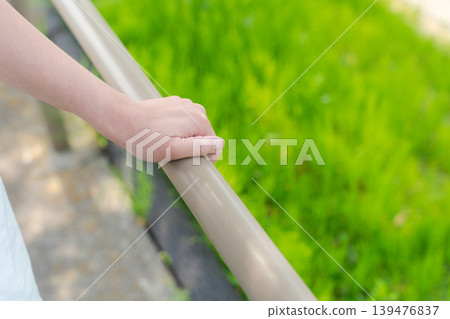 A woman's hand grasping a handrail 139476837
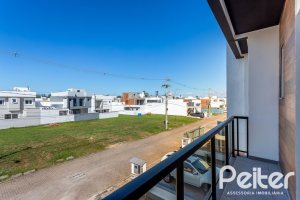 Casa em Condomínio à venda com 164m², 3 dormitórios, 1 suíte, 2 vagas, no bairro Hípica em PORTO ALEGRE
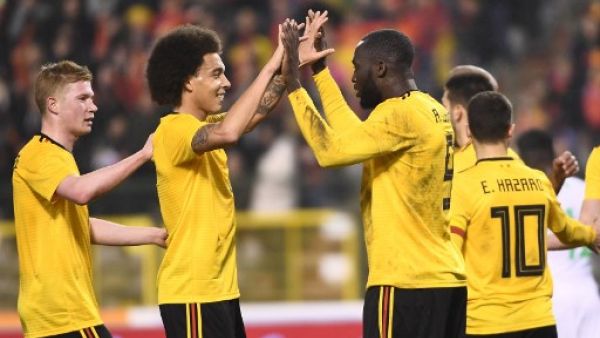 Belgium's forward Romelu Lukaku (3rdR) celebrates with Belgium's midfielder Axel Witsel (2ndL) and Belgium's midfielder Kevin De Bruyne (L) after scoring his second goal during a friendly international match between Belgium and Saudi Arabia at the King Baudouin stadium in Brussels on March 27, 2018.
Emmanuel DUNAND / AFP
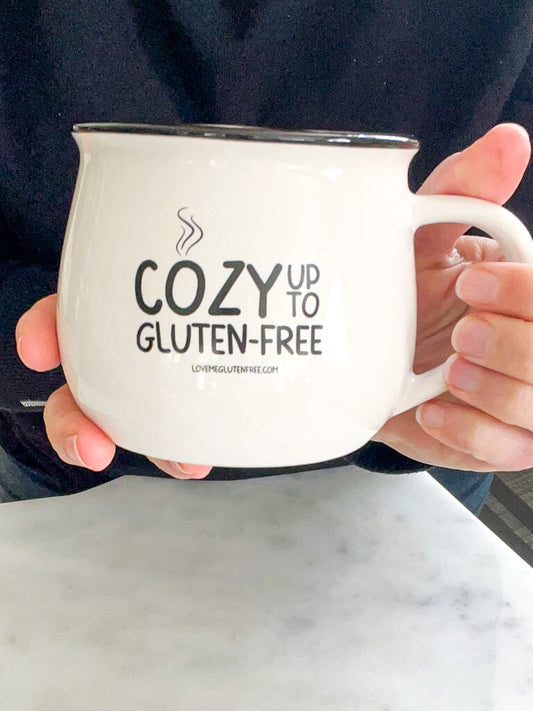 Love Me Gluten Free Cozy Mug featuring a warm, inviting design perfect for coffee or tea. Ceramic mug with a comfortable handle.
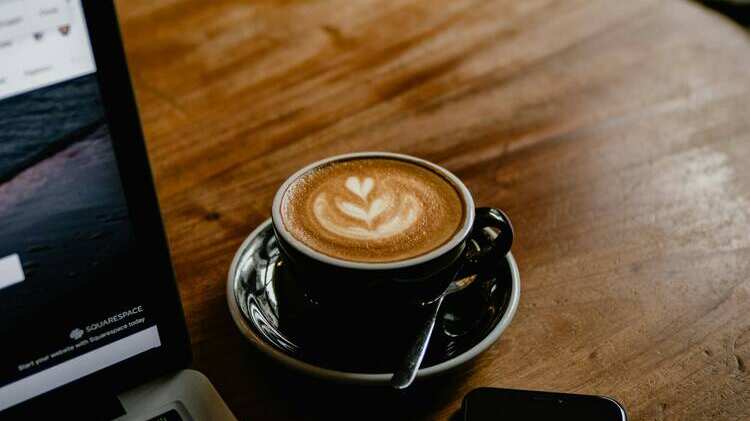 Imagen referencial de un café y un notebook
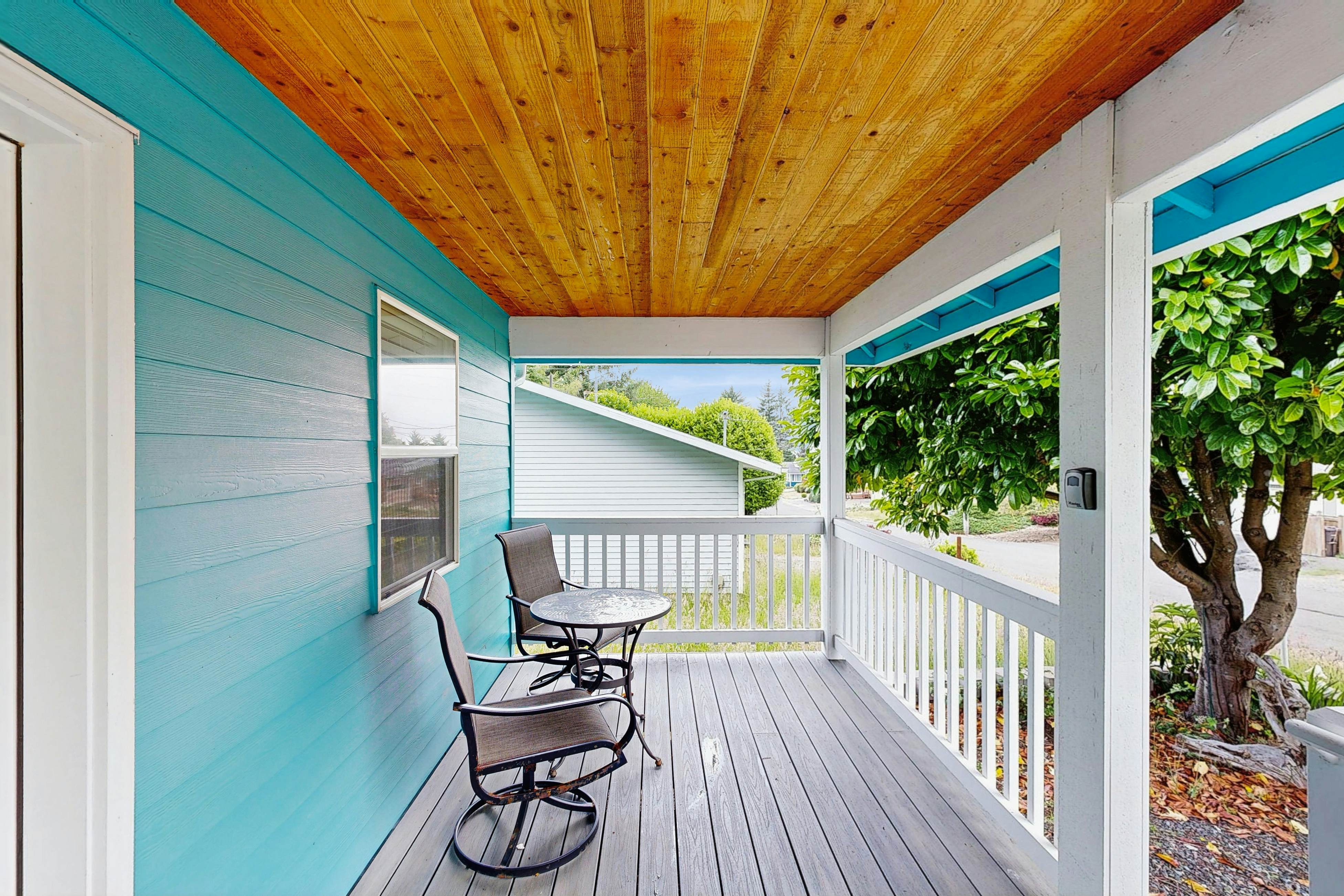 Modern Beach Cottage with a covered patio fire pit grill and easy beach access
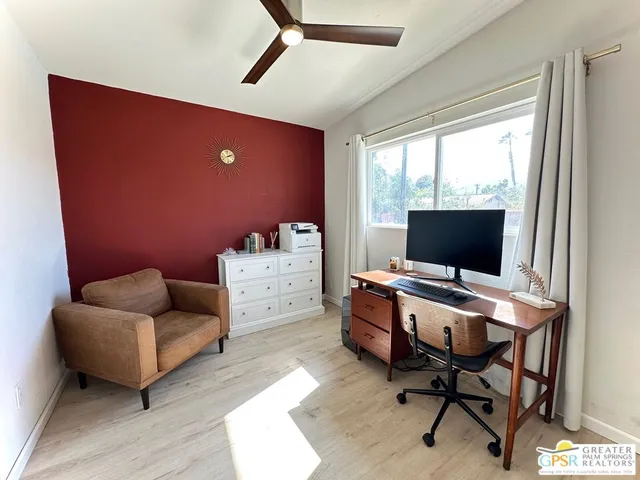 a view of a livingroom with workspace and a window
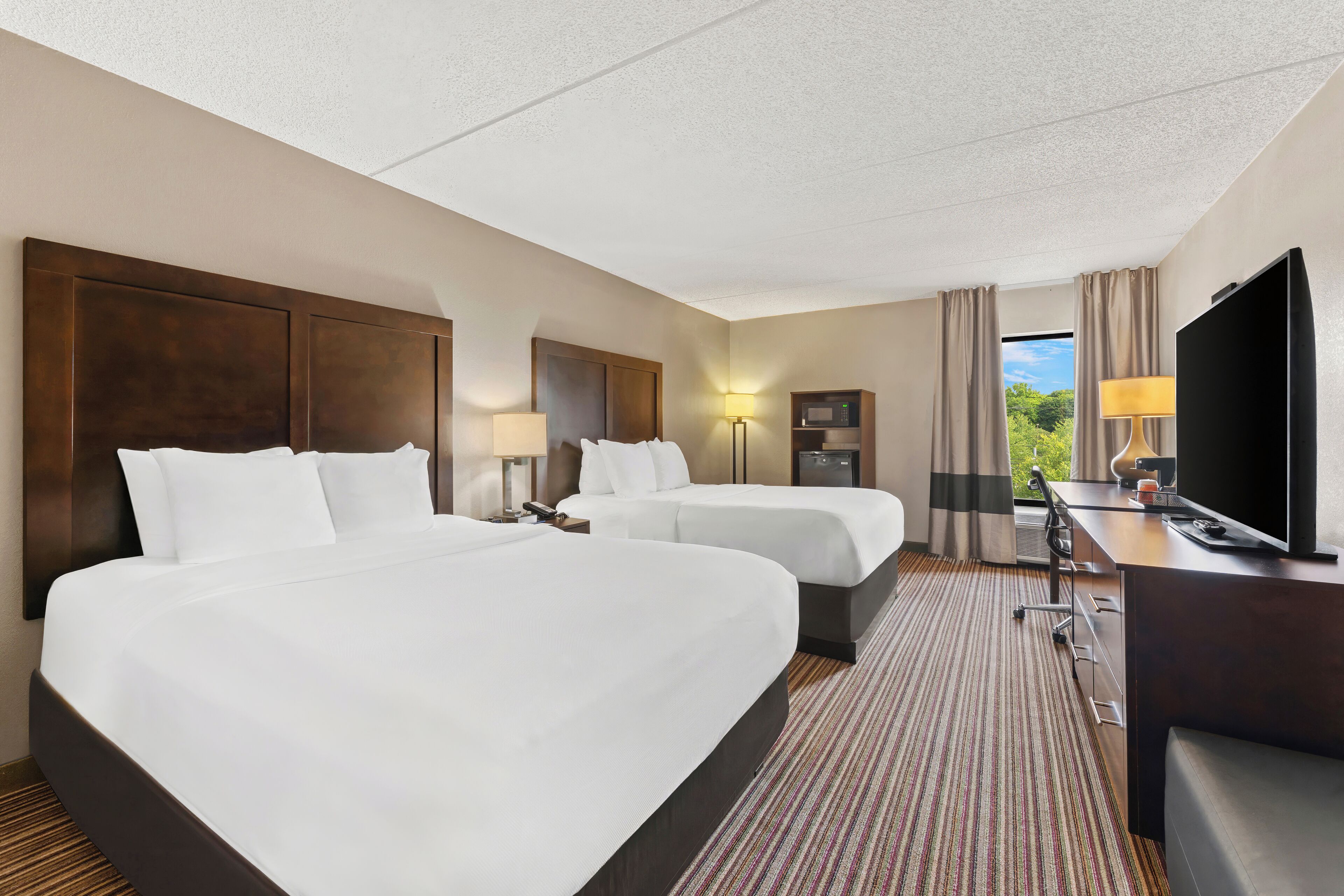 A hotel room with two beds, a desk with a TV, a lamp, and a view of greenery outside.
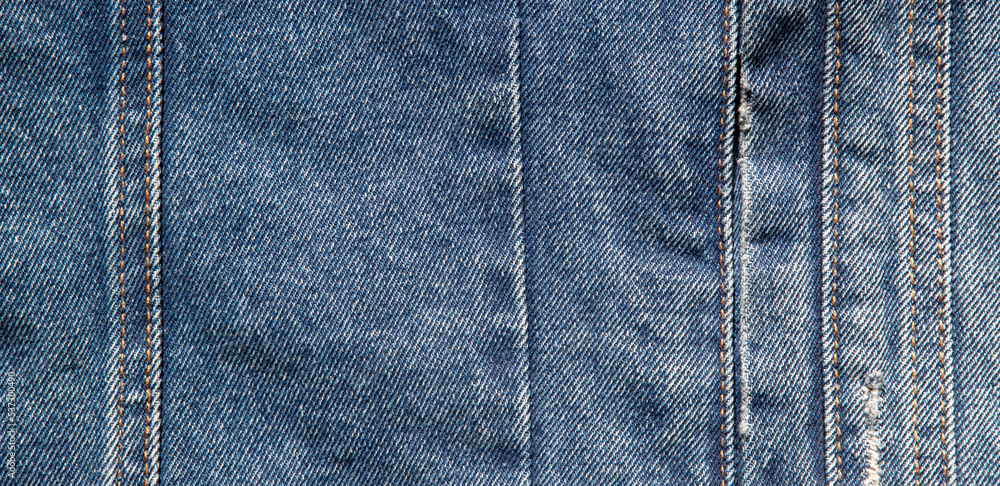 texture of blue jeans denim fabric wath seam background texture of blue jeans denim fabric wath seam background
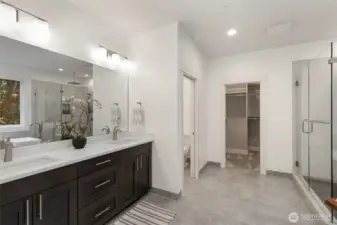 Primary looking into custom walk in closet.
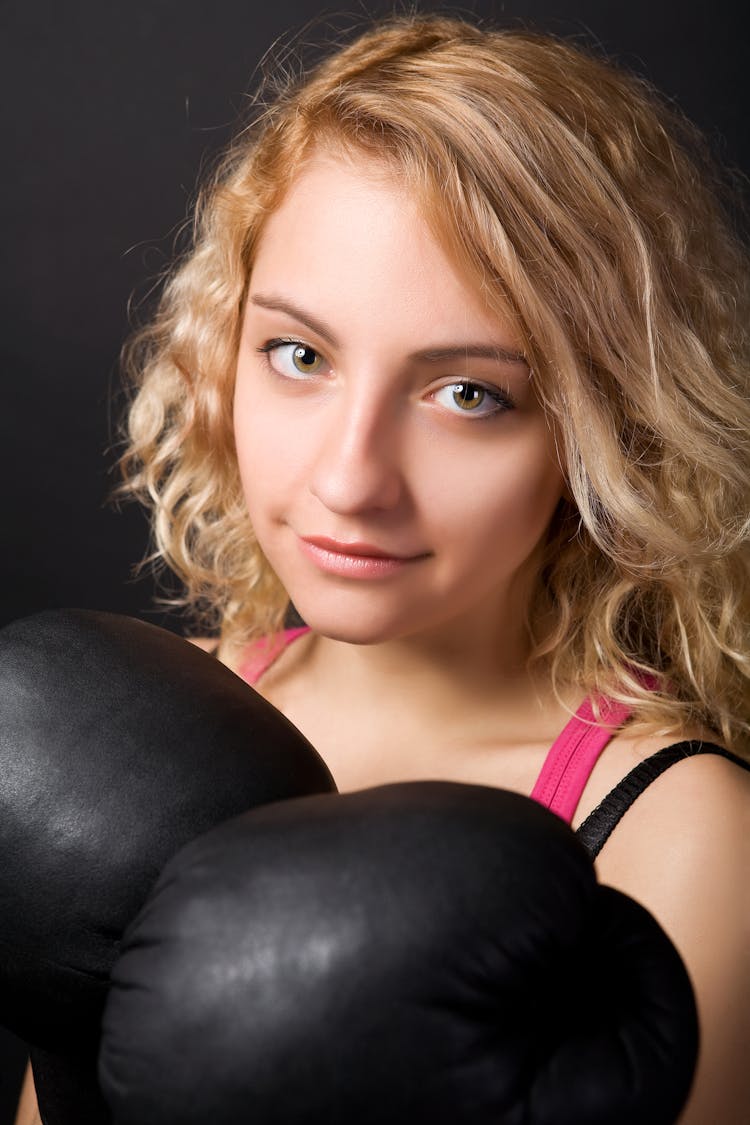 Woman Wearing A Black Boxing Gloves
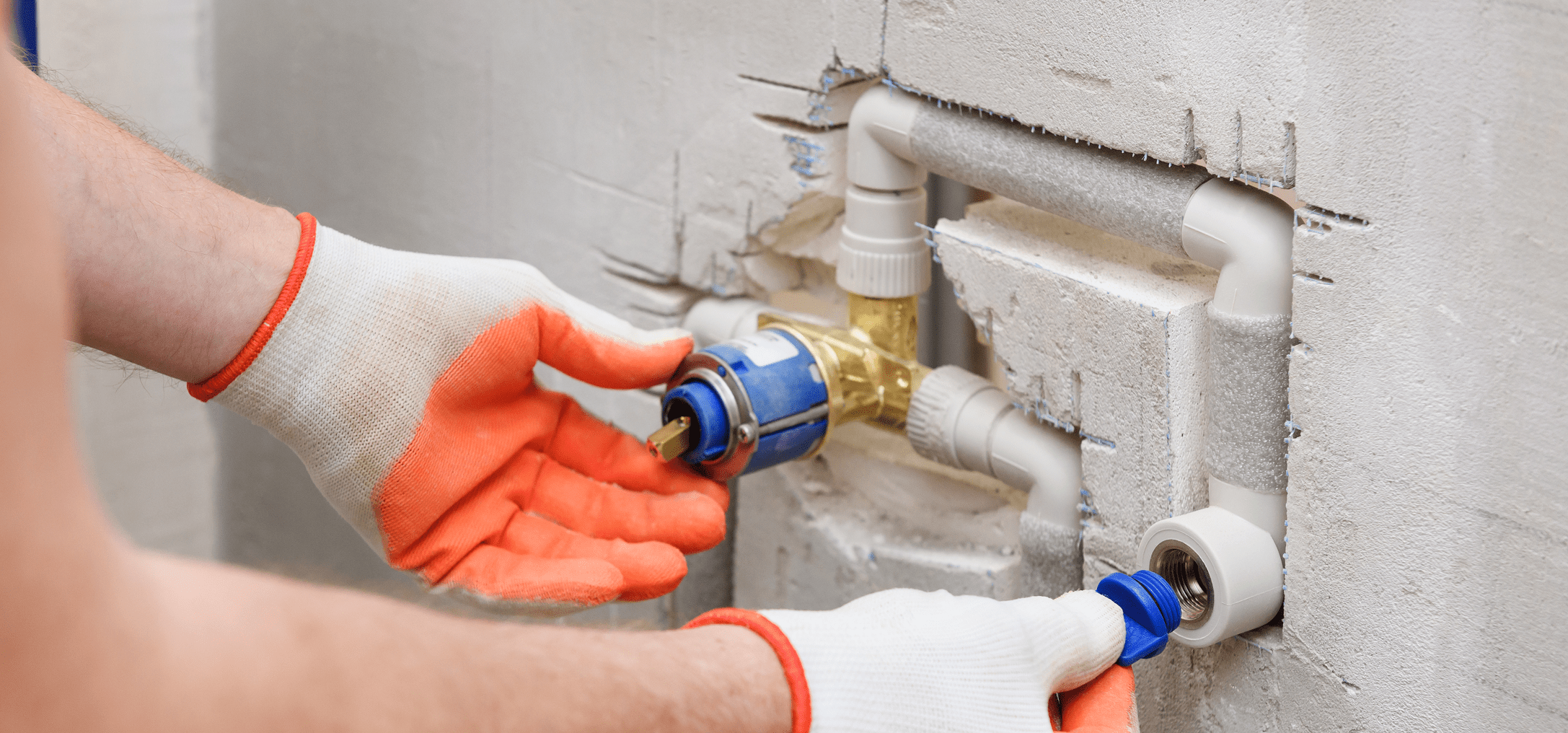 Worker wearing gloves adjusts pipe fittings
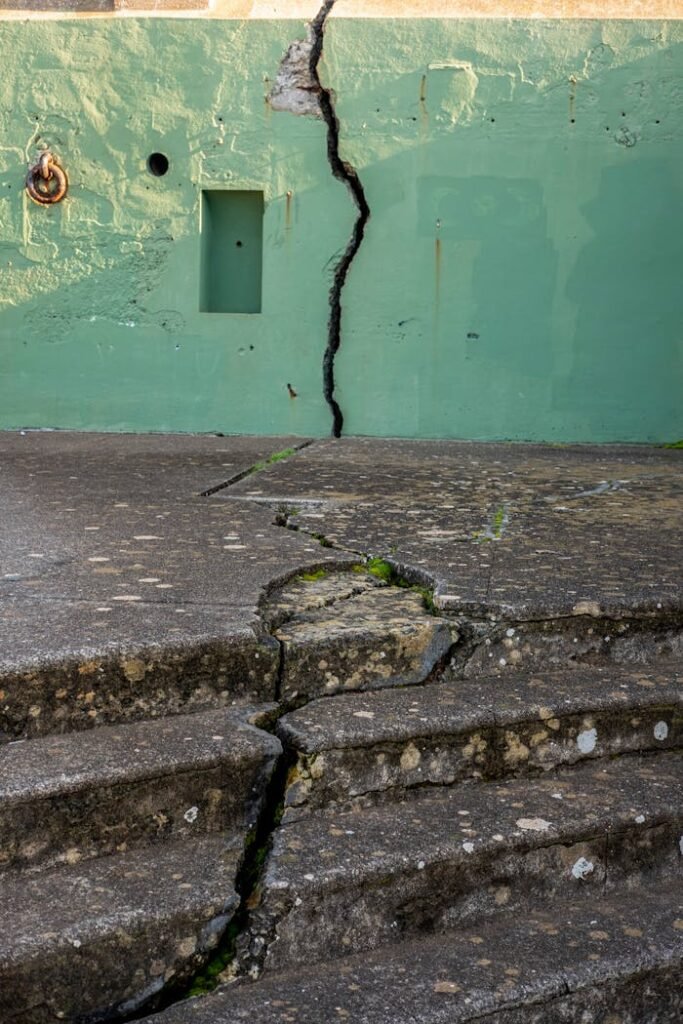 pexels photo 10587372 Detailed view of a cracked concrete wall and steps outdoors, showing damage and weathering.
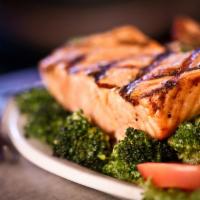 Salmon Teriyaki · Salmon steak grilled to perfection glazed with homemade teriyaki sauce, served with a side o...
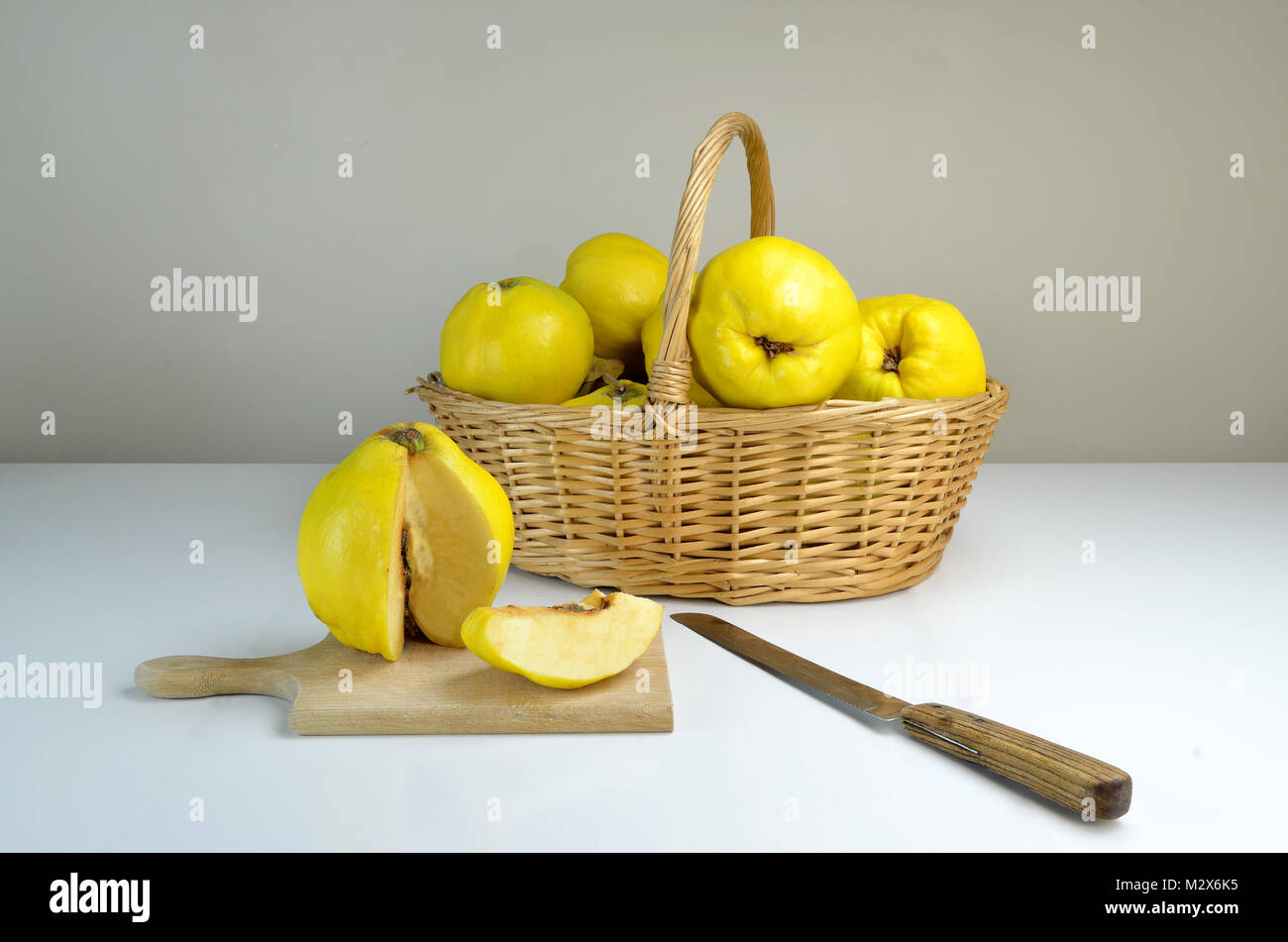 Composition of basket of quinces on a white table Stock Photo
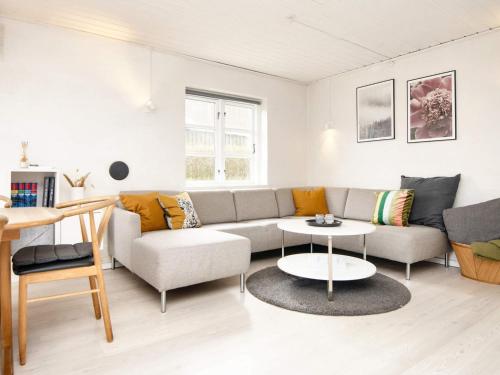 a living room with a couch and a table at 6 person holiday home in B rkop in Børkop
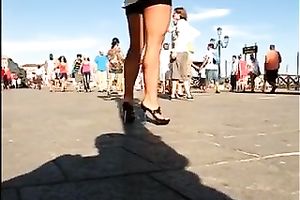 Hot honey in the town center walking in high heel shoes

******

The task -
Your task is to retype exactly the lines that run from the line with "Love Me Gluten" through the last line of the material, with the pictures left out.

Solved problem -
 Love Me Gluten Free Cozy Mug featuring a warm, inviting design perfect for coffee or tea. Ceramic mug with a comfortable handle.
 Imagen referencial de un café y un notebook
 Modern Beach Cottage with a covered patio fire pit grill and easy beach access
 a view of a livingroom with workspace and a window
 A hotel room with two beds, a desk with a TV, a lamp, and a view of greenery outside.
 texture of blue jeans denim fabric wath seam background texture of blue jeans denim fabric wath seam background
 Primary looking into custom walk in closet.
 Woman Wearing A Black Boxing Gloves
 Worker wearing gloves adjusts pipe fittings
 pexels photo 10587372 Detailed view of a cracked concrete wall and steps outdoors, showing damage and weathering.
 Salmon Teriyaki · Salmon steak grilled to perfection glazed with homemade teriyaki sauce, served with a side o...
 Composition of basket of quinces on a white table Stock Photo
 a living room with a couch and a table at 6 person holiday home in B rkop in Børkop
 Hot honey in the town center walking in high heel shoes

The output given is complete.